First find the partial sum of $$a_k$$. For any positive integer $$m$$,

$$\sum_{k=1}^{\,m} (8k-1) = 8\sum_{k=1}^{\,m} k - \sum_{k=1}^{\,m} 1 = 8\cdot\frac{m(m+1)}{2} - m = 4m(m+1) - m = 4m^{2}+3m$$

Put $$m = n-1$$:

$$\sum_{k=1}^{\,n-1} a_k = 4(n-1)^2 + 3(n-1) = 4n^{2}-8n+4 + 3n-3 = 4n^{2} - 5n + 1$$

Therefore

$$T_n = 3 + (4n^{2} - 5n + 1) = 4n^{2} - 5n + 4$$

Check each option
Option A: $$T_{20} = 4(20)^2 - 5(20) + 4 = 1600 - 100 + 4 = 1504 \neq 1604$$ (False).
Option C: $$T_{30} = 4(30)^2 - 5(30) + 4 = 3600 - 150 + 4 = 3454$$ (True).
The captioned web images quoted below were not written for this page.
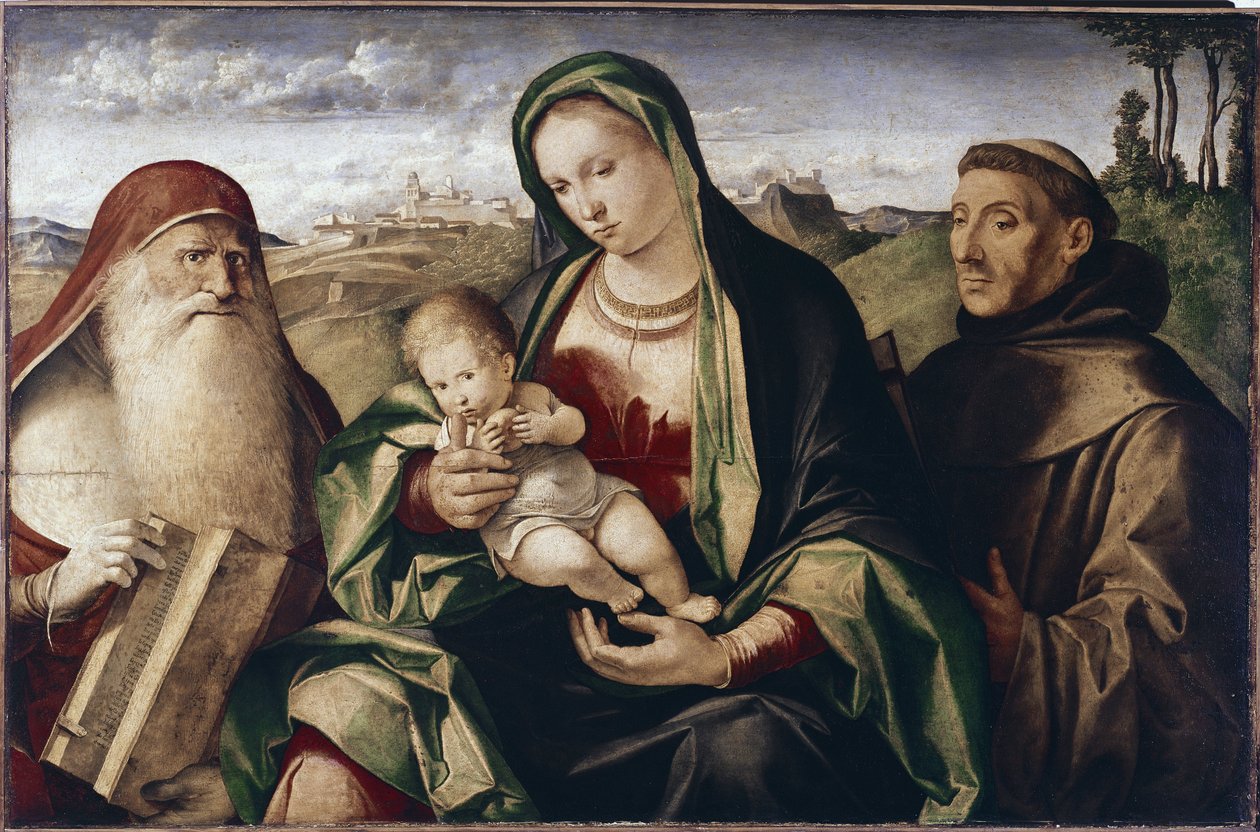 Madonna gyermekkel Szent Jeromos és Ferenc között (olaj, fa alkotó: Benedetto (c.1460 1525) Diana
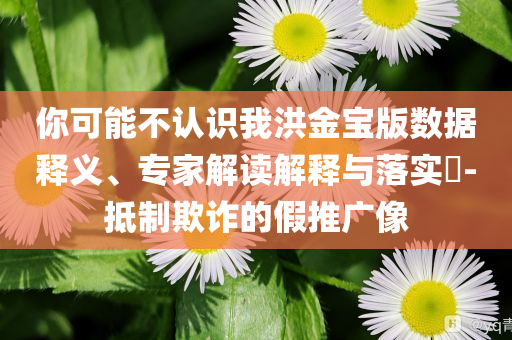 你可能不認(rèn)識我洪金寶版數(shù)據(jù)釋義、專家解讀解釋與落實?-抵制欺詐的假推廣像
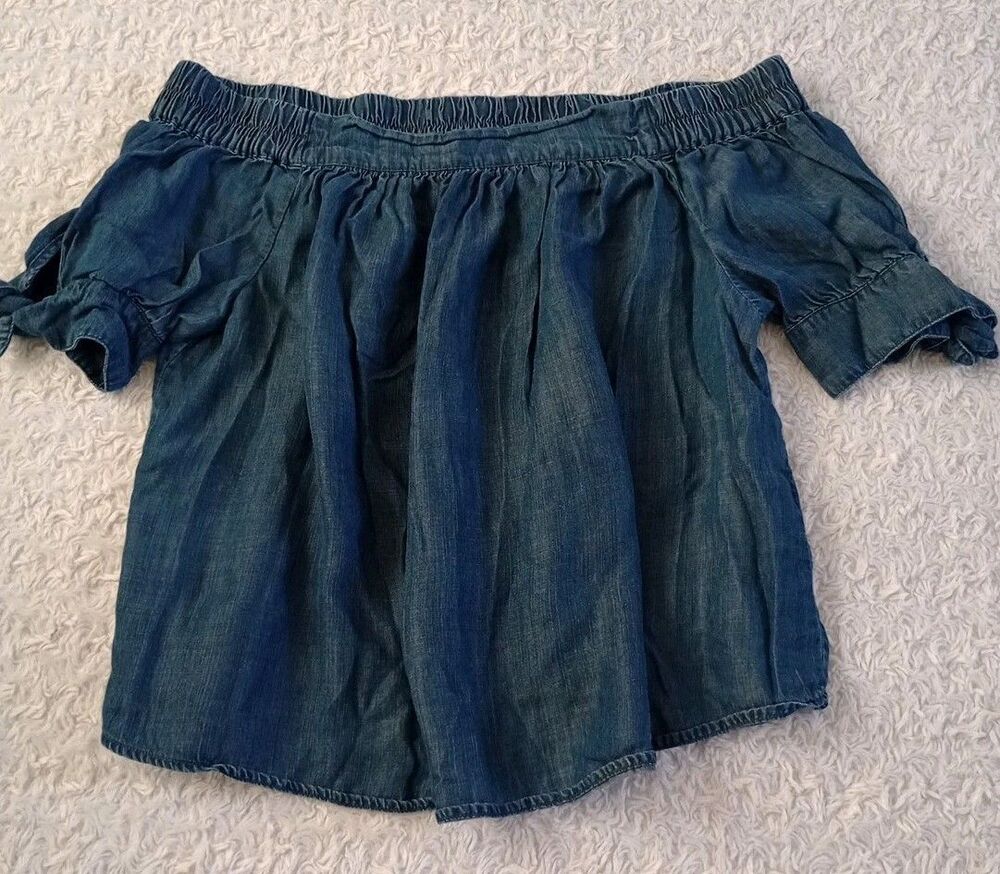 Forever 21 Denim Crop Top Off Shoulder Blue Denim Boho  Sz M
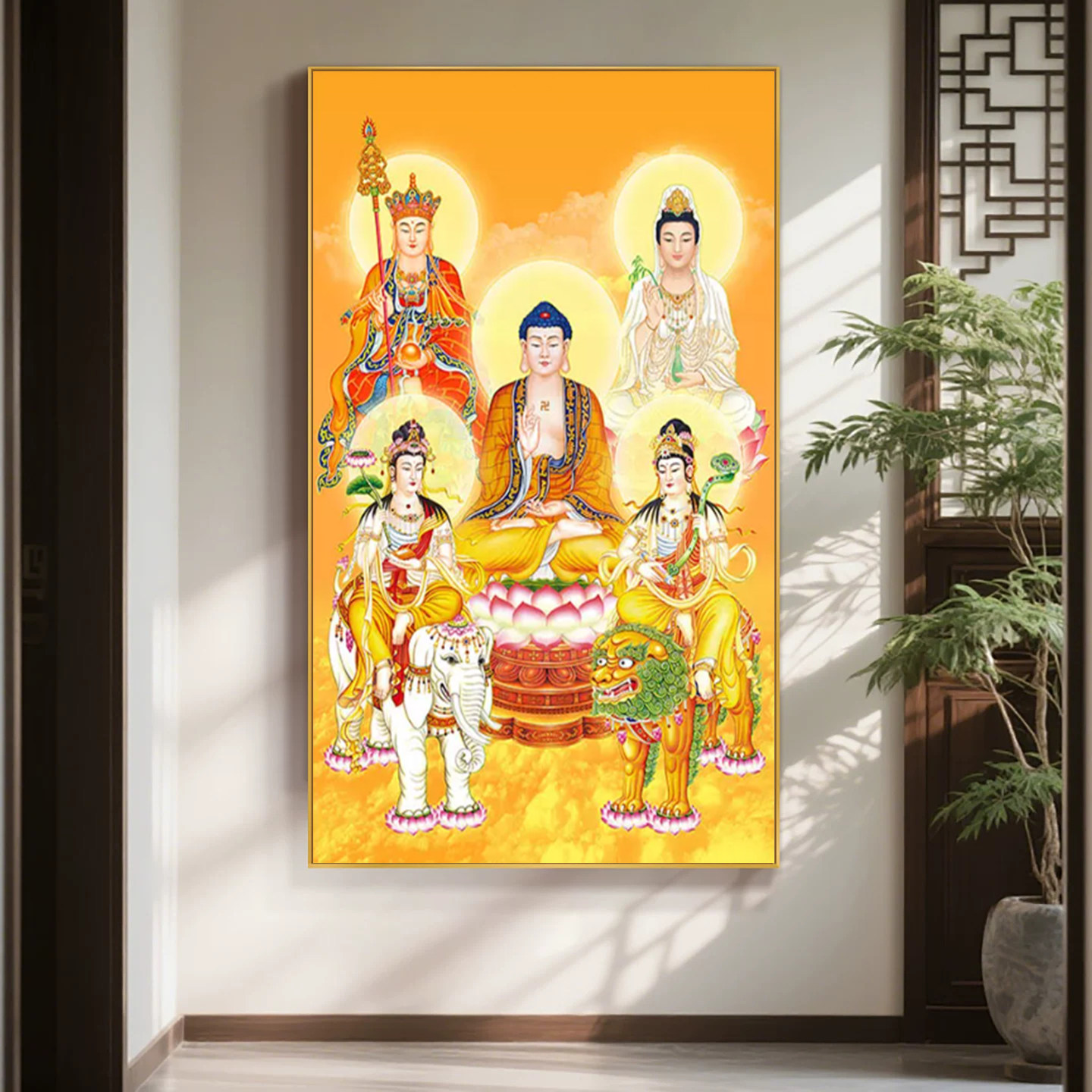 五圣图如来佛祖文殊普贤观音地藏王菩萨佛像画佛堂LED带灯装饰画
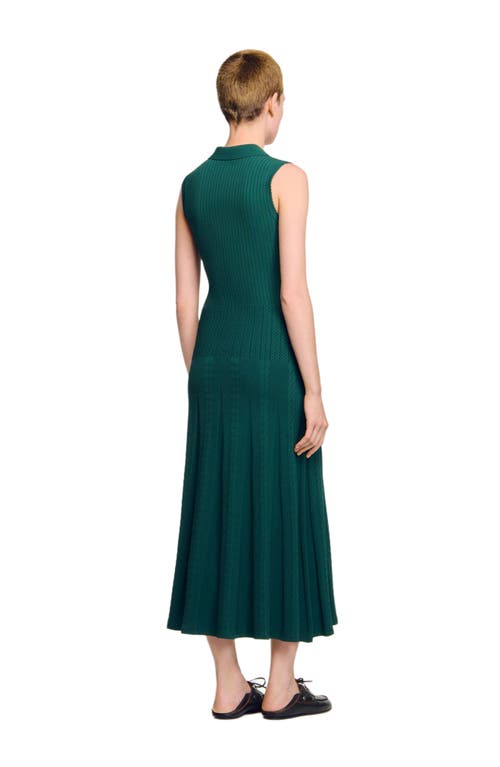 Sandro Womens Polo-collar Button-down Stretch-knit Midi Dress Dark Green In Green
To evaluate the required sums, note that

$$T_k = 4k^{2} - 5k + 4$$

so

$$\sum_{k=1}^{\,n} T_k = 4\sum_{k=1}^{\,n} k^{2} - 5\sum_{k=1}^{\,n} k + 4\sum_{k=1}^{\,n} 1$$

Use the standard formulas $$\sum k = \frac{n(n+1)}{2}$$ and $$\sum k^{2} = \frac{n(n+1)(2n+1)}{6}$$:

$$\sum_{k=1}^{\,n} T_k = 4\cdot\frac{n(n+1)(2n+1)}{6} - 5\cdot\frac{n(n+1)}{2} + 4n$$

Simplify:

$$\sum_{k=1}^{\,n} T_k = \frac{2n(n+1)(2n+1)}{3} - \frac{5n(n+1)}{2} + 4n$$

Sum up to 20 terms
For $$n = 20$$:

First term: $$\frac{2\cdot20\cdot21\cdot41}{3} = 11480$$
Second term: $$\frac{5\cdot20\cdot21}{2} = 1050$$
Third term: $$4\cdot20 = 80$$

$$\sum_{k=1}^{20} T_k = 11480 - 1050 + 80 = 10510$$

Option B is therefore True.

Sum up to 30 terms
For $$n = 30$$:

First term: $$\frac{2\cdot30\cdot31\cdot61}{3} = 37820$$
Second term: $$\frac{5\cdot30\cdot31}{2} = 2325$$
Third term: $$4\cdot30 = 120$$

$$\sum_{k=1}^{30} T_k = 37820 - 2325 + 120 = 35615$$

Thus Option D (which states 35610) is False.

Hence the correct statements are:
Option B $$\left(\sum_{k=1}^{20} T_k = 10510\right)$$ and
Option C $$\left(T_{30} = 3454\right)$$.